Question

Work function of sodium is $2.75eV$. What will be the KE of emitted electrons when a photon of energy $3.54eV$ is incident on the surface of sodium?

Answer 1

Hint: Remember Einstein’s photoelectric concept. Einstein theorized that when a photon hits the surface of a metal, the energy of the entire photon is transferred to the electron emitted from the metal’s surface.

Complete step by step solution:
The emission of a photoelectron is the result of the interaction between a single photon of the incident radiation and an electron in the metal.
As we know, the energy of the photon is transferred to the emitted electron, energy of the photon and emitted electron are the same.
From the Einstein’s photoelectric theory we know that, the energy of the electron,
$E = W + K.E$
Where, $W$ is the work function
$K.E$ is the kinetic energy.
From the above equation we get,
Kinetic energy of the emitted electron from the surface of sodium is given by,
Kinetic energy, \[K.E = E - W\] ………………………………. (1)

From the question it is known the values of the energy of the electron and the work function.
Energy of the electron =$3.54eV$
Work function of sodium = $2.75eV$.
Applying these values to the equation (1) we get,
Kinetic energy, \[K.E = 3.54eV - 2.75eV\]
\[ \Rightarrow K.E = 0.79eV\]

So the final answer is Kinetic energy of the emitted electron = \[0.79eV\].

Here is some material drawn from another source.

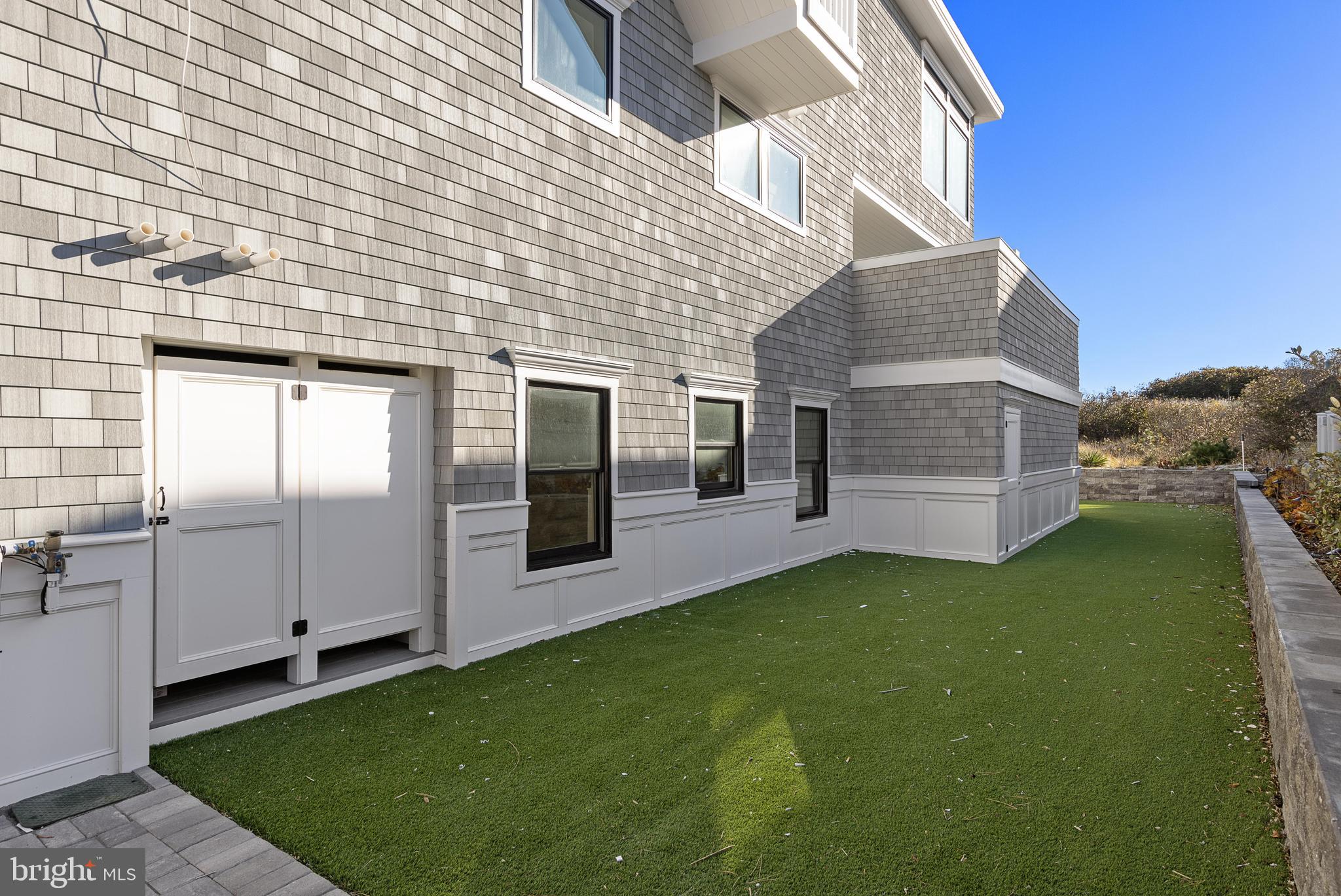 11 East 30th Street Barnegat Light, NJ 08006 - Photo 8 of 28 a view of a house with a yard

Note: Under the right circumstances light can be used to push electrons, freeing them from the surface of a solid. This process is called the photoelectric effect. The velocity, thus, the kinetic energy and the energy of the liberated electron are dependent on each other. Einstein simply explained the photoelectric effect as follows: He assumed that the kinetic energy of the ejected electron was equal to the energy of the incident photon minus work function, which is defined as the amount of energy required to remove an electron from a material.